A The owner of the space had previously made two unsuccessful planning permission applications to build a house but these were rejected. The first proposal was too large for the site – it was the same height as the original houses next door, rather than subservient. The second proposal was a small ‘housing estate’ style house, of no architectural merit. The planners deemed that it detracted from the original street scene and needed to be single storey above ground level only.  Our application was successful because it was to build a low-profile ‘eco’ house. The fact that this house was to be our home may have helped us to get a sympathetic ear from the planners.

Q You approached the owner and agreed a price subject to planning permission. Does this mean you bought it in the hope you’d get permission? 

A No, it meant we risked our own money on paying for the planning application – if we failed we didn’t have to buy the plot, but if we succeeded we could buy the plot at the pre-agreed price.

Q Who helped you obtain planning permission?

A Alan Crawford of Crawford Partnership (an architecture practice in Muswell Hill) helped us with the planning permission process. He has a successful track record in getting permission for infill sites like this and was very helpful. The MHSG also supported our planning application.

Q Why did you choose the architect Joe Stuart to design and build your house?

A He had built his own passive house with a basement. Most architects haven’t done this configuration before to passive standards. He runs an architectural practice called Warehome and appeared on Grand Designs in 2018, which is where we saw him. He built a very small house on the site of a former coffin workshop. We also wanted a highly sustainable construction, and to use as many non-toxic building materials as possible, and build the house to high sustainability standards, which all are Joe’s passions.

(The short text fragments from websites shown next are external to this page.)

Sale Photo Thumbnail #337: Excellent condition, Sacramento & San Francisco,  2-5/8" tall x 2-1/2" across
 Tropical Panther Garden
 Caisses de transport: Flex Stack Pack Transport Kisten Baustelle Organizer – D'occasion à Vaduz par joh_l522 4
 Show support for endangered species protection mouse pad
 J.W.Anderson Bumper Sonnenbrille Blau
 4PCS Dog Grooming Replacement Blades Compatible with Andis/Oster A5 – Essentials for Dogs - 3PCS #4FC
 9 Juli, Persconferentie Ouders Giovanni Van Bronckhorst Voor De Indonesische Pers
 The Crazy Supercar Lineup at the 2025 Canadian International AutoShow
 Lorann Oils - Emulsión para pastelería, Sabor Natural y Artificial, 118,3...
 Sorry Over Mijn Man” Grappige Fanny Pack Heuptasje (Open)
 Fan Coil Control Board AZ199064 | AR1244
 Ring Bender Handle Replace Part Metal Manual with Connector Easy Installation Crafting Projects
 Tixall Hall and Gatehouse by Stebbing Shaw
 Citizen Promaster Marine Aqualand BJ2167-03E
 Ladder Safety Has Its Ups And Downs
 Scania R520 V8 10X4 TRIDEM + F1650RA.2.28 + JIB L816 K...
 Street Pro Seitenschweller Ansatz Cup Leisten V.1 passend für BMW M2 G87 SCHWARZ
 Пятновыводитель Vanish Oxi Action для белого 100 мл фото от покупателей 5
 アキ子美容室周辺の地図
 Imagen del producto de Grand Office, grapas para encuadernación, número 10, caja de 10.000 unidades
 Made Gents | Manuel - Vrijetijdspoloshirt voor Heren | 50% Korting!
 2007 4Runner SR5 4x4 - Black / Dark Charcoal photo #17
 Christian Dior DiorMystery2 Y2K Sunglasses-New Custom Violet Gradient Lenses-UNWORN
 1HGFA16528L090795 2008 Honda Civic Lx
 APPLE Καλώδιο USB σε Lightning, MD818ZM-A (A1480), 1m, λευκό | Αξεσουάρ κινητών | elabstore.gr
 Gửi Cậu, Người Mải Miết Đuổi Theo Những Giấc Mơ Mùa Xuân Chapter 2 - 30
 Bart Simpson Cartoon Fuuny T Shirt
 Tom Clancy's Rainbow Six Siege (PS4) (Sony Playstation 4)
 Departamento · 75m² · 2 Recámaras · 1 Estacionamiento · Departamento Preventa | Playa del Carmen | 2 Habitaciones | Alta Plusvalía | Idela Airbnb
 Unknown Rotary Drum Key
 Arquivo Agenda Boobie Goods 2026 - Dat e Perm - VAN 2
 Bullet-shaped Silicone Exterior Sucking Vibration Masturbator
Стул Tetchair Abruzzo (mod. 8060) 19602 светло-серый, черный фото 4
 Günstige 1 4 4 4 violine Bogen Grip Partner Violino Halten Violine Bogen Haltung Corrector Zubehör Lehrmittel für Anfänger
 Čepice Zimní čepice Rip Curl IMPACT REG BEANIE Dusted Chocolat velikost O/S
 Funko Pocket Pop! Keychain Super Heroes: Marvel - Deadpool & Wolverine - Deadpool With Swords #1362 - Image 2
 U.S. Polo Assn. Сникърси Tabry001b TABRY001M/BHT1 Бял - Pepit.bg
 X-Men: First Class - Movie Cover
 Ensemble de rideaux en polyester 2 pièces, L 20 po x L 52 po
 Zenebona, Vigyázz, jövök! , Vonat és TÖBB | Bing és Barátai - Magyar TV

Q How did you choose the builder for the project?

A The builder is known by Joe Stuart and has a good track record. He likes working with Joe because Joe’s construction drawings are very detailed and are very ‘buildable’.

Q How much is the project costing?

A The plot was 343K, the build should be 500k, but will probably be more due to the incredibly high construction-price inflation, particularly a shortage of carpenters and skilled trades, who seem to be charging 50% or 100% more than two years ago.

Q Any compromises?

A Loads. For instance, we wanted timber cladding for the exterior, but the conservation officer wanted a brick finish as the house is in a conservation area – even though it’s low-profile and hidden behind a wall. Brick slips are being added at great expense and are very carbon-heavy. We also had to keep the house low profile to maintain the ‘gap’ between the original houses on the street. That’s why we had to do the basement, but it was very costly.

Q Any top tips?

A Seek to learn from other people’s experience, each step of the way.  When we told friends we were going to search for some land and build our own house in Muswell Hill, many of them told us it was impossible. But we sought help and advice each step of the way from experts and people who have done it before. That is why we went with Warehome for the building phase – they’ve built exactly this type of house before.